I’m more interested in the attitude politicians have started taking where their personal life is public fodder and they should fall on the sword if discovered. Della Bosca and Pauline Hanson really did nothing wrong except something that most people consider none of anyone else’s business in Australia so ‘what the?’. Why didn’t Hanson put in a formal complaint herself? Why did Della Bosca think he needed to fall on a sword? Why do the papers think this is news? All Mark Day has validated is the path the media is choosing in defining their readership (ie we all read Woman’s Day) and all I can say is thank god for Crikey for not going there except to say ‘what the?’.
There are some subtexts to Day’s baiting.
Crikey competes for similar sized readership maybe.
News Corp vehicle Punch is surely meant to weaken or undermine crikey as a non aligned indy online news/analysis voice.
Crikey daily ezine may not quite be so ‘punchy’ compared to times previous as it expands in other fashions say on the constant presence of the blog rolls within their umbrella.
It was here last week I read two abc class employees writing for the crikey rival Punch. In other words I would take Day’s sincere corporate malice fairly serious with the exhortation to keep going!
Weird. Yesterday I wrote an article for our blog on why I think more people should read Crikey.
Not because it’s perfect – it isn’t. Not because it gets everything right – it doesn’t.
But Crikey is one of the few truly independent and objective media options around – and as such, it’s invaluable.
Remember when The Age used to be a force to be reckoned with? When they did actual investigative journalism and real feature articles, with well thought out and logically argued opinions? Now they’re mostly just advertorials, misspelled headlines and reprints from the internationals. It’s disappointing – I miss Saturday mornings with The Age.
There will, more than likely, come a time when my great-grandchildren are discussing (in disgust) how Crikey has sold out, how it used to be a shining light in the darkness of Australian media and now it’s just money-hungry bollocks; they’ll sigh and shake their heads and thank the gods that they have {2080VersionOfCrikey} to turn to.
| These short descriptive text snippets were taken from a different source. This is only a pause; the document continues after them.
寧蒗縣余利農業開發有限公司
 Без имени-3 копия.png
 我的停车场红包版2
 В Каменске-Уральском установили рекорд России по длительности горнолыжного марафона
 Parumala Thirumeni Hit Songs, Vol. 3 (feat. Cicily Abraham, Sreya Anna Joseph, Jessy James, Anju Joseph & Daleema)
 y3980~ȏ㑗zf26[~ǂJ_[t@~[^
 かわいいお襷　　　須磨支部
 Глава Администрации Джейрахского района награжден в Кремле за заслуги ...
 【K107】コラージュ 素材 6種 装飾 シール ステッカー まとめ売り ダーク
Bernard and Glenn’s descendants will be writing grumpy articles about {2080VersionOfCrikey} wishing it would just go away and stop making them look like pompous old relics of an unlamented era.
It happens to every organisation – they start out ambitious, energetic, and full of verve and integrity. Then, eventually, they get bogged down in bureaucracy, overwhelmed by the need to make profits and utterly out of touch with the inspiration for their beginnings. It’s has happened to The Age, it is happening to The Australian and it’s a very very long way off for Crikey.
No wonder Day is so sour about you guys.